While Midtown might make more sense from an operational efficiency standpoint, Midtown South’s ambiance and connection to hip neighborhoods and areas such as Chelsea, the Meat Packing District and Flatiron, differentiate it in terms of its allure for tech and social media companies and employees. These factors keep Midtown South’s large buildings with large floorplates — 620 Avenue of the Americas, 11 Madison Ave. and 111 Eighth Ave., for example — near full occupancy.
For 2013, we expect Midtown South rents to spike sharply as the area continues to draw technology and social media firms. It’s an ironic twist because tenants that once viewed Midtown South as the low-cost option now seek less expensive space in re-emerging areas such as Downtown and Penn Station/Garment submarket.
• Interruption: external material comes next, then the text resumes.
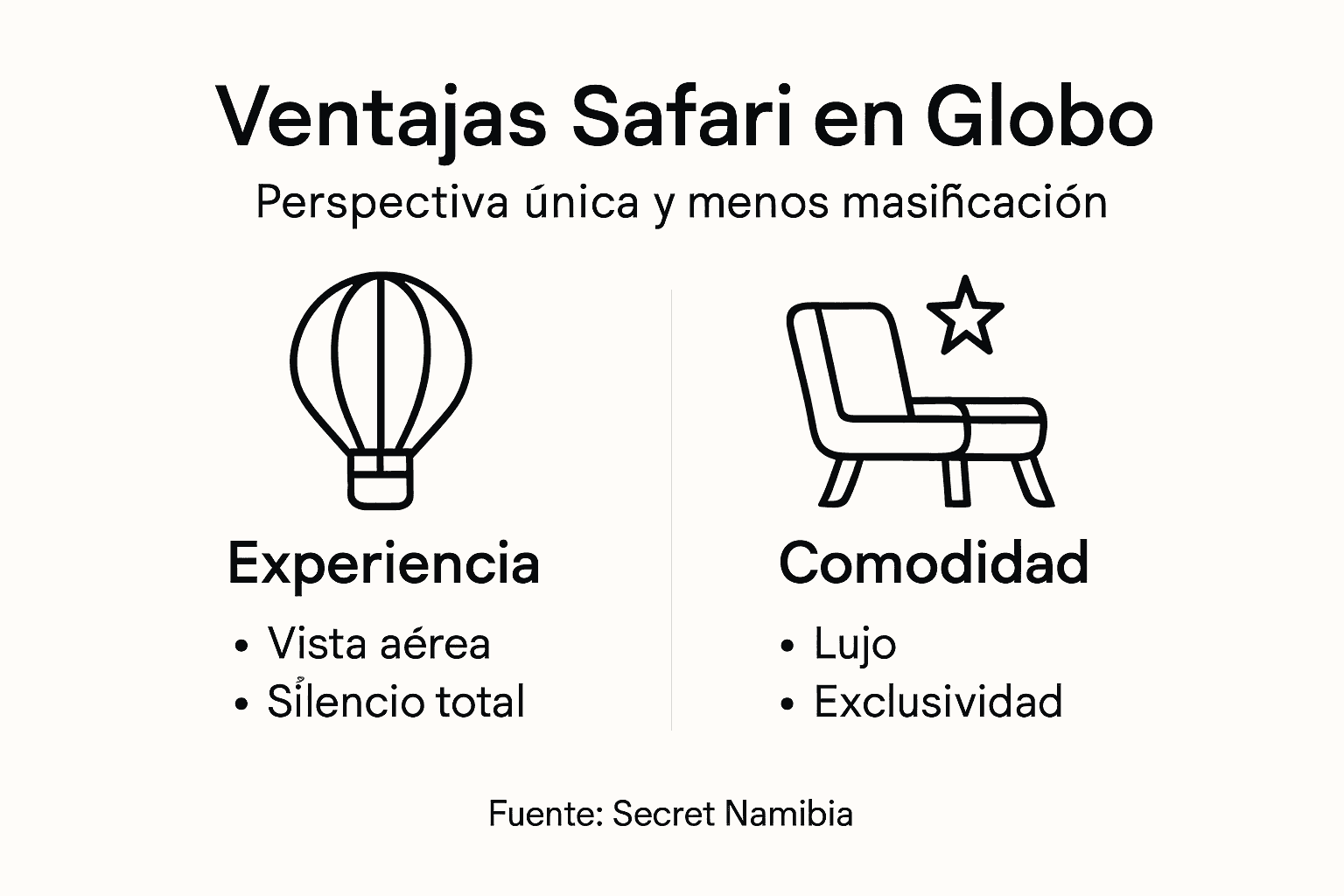 Infografía: descubre los beneficios de vivir la experiencia de un safari en globo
We’ll also see a continued influx of relatively new property owners willing to speculate on adaptive reuse, similar to Savanna’s redevelopment plans for 249 and 245 West 17th St. We anticipate that Midtown will continue to lose tenants to Midtown South and other, less-costly areas, but, overall Midtown vacancy will remain around 10 percent and rents will increase steadily.
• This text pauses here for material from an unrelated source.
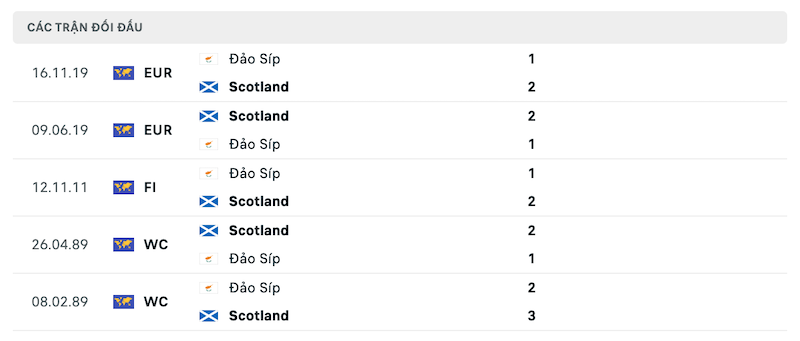 Thành tích đối đầu Scotland vs Cyprus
Downtown, the 1 World Trade Center Freedom Tower rises magnificently, as does neighboring 4 World Trade Center, both of which are slated for 2013 completion. With Condé Nast’s nearly 1.2 million-square-foot commitment to 1 World Trade Center, it will be interesting to see if Downtown emerges as a center for media and technology tenants that would accompany the submarket’s traditional finance, insurance and real estate occupiers.
Capital Markets Questions
Two office building sales that were expected to close around the end of 2012 — but did not — may suggest more wait-and-see for 2013. Owners of 11 Madison Avenue and One Worldwide Plaza anticipated their properties would fetch more than $1 billion and $1.5 billion, respectively, but offers fell below expectations, according to media reports, and the properties were pulled off the market. Higher valuations should indicate greater confidence in New York City’s leasing markets, but, an alternative approach by current owners — refinancing, for example — does not suggest a negative outlook. Still, the fact that New York office properties were pulled from the market proves that ownership price expectations remain above what the marketplace is willing to bear.
More than ever, corporate tenants remain mindful of capital expenses and optimized utilization of office space as they shrink per-person space metrics. That said, Manhattan continues to be a global marketplace where people and companies desire to live and operate. Long term, demand seems to outpace supply, and, ultimately, that suggests a healthy 2013 and robust 2014.